Près de 14 millions de personnes en France ne partagent pas de lien conjugal. La vie en solo présente des avantages pour les uns, des désagréments pour les autres. Le plus souvent, une étrange ambivalence s’installe, écartelée entre les privilèges de la solitude et le manque affectif. Certains se délectent d’une liberté retrouvée, après des années de déplaisir de vie à deux, mais beaucoup souffrent de l’absence d’un partenaire doué d’échanges profonds et intimes.
La réussite de la rencontre affective, comme l’échec en amour, replongent le sujet dans son histoire personnelle et les événements familiaux qui ont jalonné sa prime enfance. De toute évidence, écrit Freud dans « Pour introduire le narcissisme », ces sujets se cherchent eux-mêmes comme objet d’amour, en présentant le type de choix d’objet que l’on peut nommer narcissique. Cette question essentielle – fondatrice de la relation sentimentale – interpelle l’individu au lieu où s’est inscrite l’image inconsciente de l’autre dans laquelle il s’est originairement identifié pendant le stade du miroir.

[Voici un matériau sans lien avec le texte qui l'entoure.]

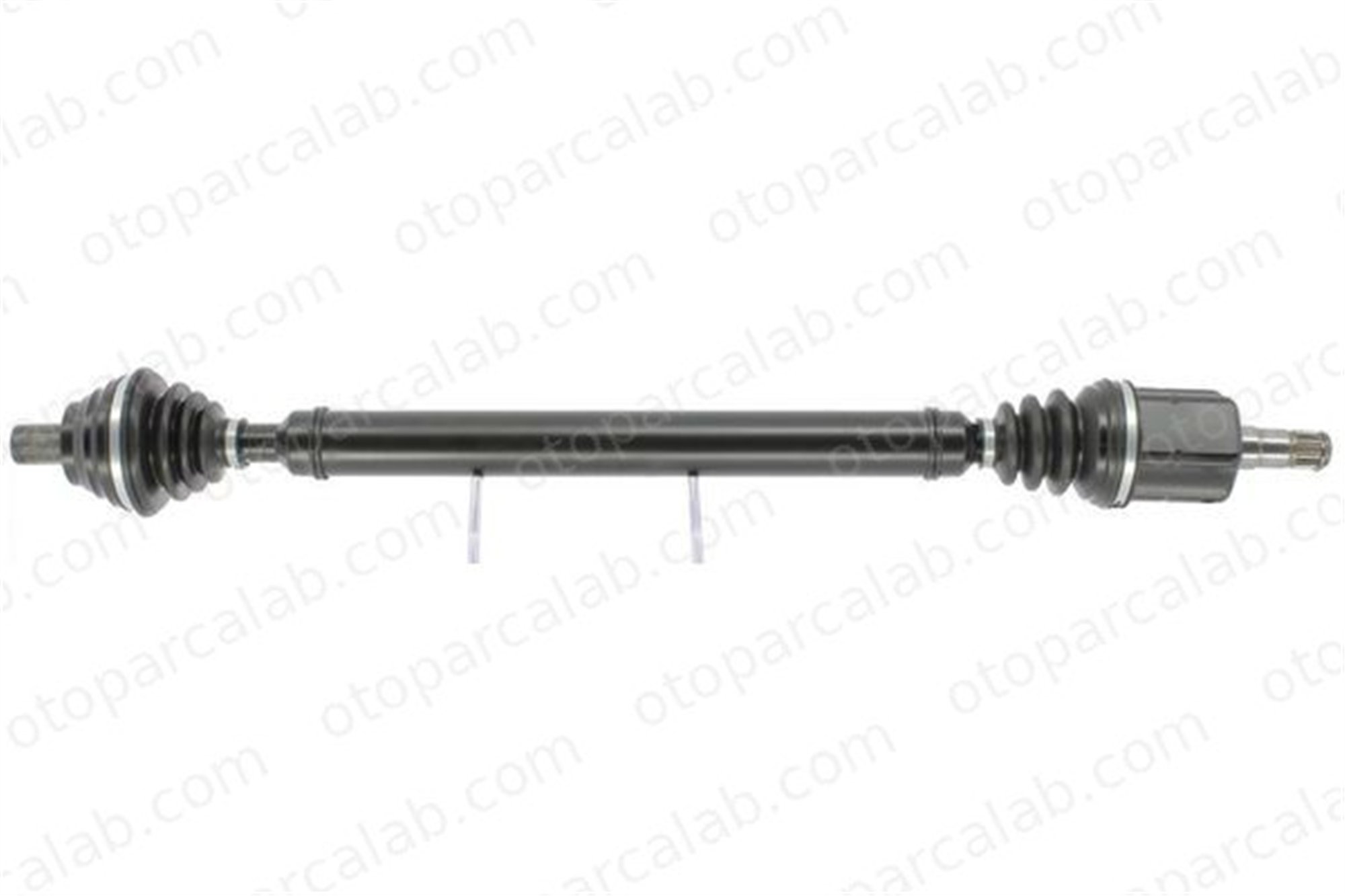 ASPART 1DSH1032 Aks Komple Ön Sağ VW JETTA IV GOLF PLUS V 1K0407272KB 1K0407454TX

La rencontre de l’altérité – image spéculaire –, comme étant soi ou partie de soi, relève de la période infantile où les fantasmes étaient structurants pour le petit d’Homme. L’autre de la rencontre amoureuse ne sera jamais que ce double éternellement recherché. Mais subsisteront toujours, dans toute relation affective, l’insatisfaction, le manque, engendrant le désir et la demande d’amour. C’est ainsi que pour Lacan, aimer, c’est donner ce que l’on n’a pas…
Des méthodes
L’après-guerre fut le départ du grand essor des agences matrimoniales où les âmes solitaires venaient se rencontrer dans de luxueux salons aménagés à cet effet pour séduire une clientèle en mal d’amour. Le faste était de rigueur, le groom accueillait les dames et les messieurs élégamment vêtus pour la circonstance. Hystérie de séduction et rivalité jouaient le rôle de catalyseur entre les femmes et les hommes. Les hésitants, les timides s’en retournaient penauds,
languissant, déjà, la prochaine invitation. Les murs étaient couverts de grandes photographies de mariés qui laissaient rêveurs les prétendants et les prétendantes au bonheur conjugal. Le mobilier et la décoration, aux couleurs chaudes, étaient sciemment choisis dans le but d’accroître les émois et le désir de dire
oui – un jour prochain – devant Monsieur le Maire. On peut rencontrer encore, dans certaines agences matrimoniales, ces photographies obsolètes de mariés rayonnant de bonheur, pour montrer
qu’ici c’est sérieux, qu’ici le mariage prévaut. Mais tout a bien changé depuis et les
managers des méthodes commerciales du
franchising ou de la
franchise n’ont plus exploité la détresse humaine et la solitude, avec un discours soutenu, exclu de toute honnêteté, s’enlisant dans le mensonge pour une signature au bas d’un contrat. D’ailleurs, les responsables d’agence sont maintenant formés à l’objectivation des périodes de séparation et d’abandon. Ils savent identifier ce moment de fragilité de l’être humain, ce temps où s’est installé l’état dépressif de l’abandonnisme, d’autant que toute rupture avec un être cher renvoie, essentiellement, à la naissance, à la séparation de l’enfant du corps de la mère. La perte de l’autre aimé se trouve liée à ce moment difficile où resurgit l’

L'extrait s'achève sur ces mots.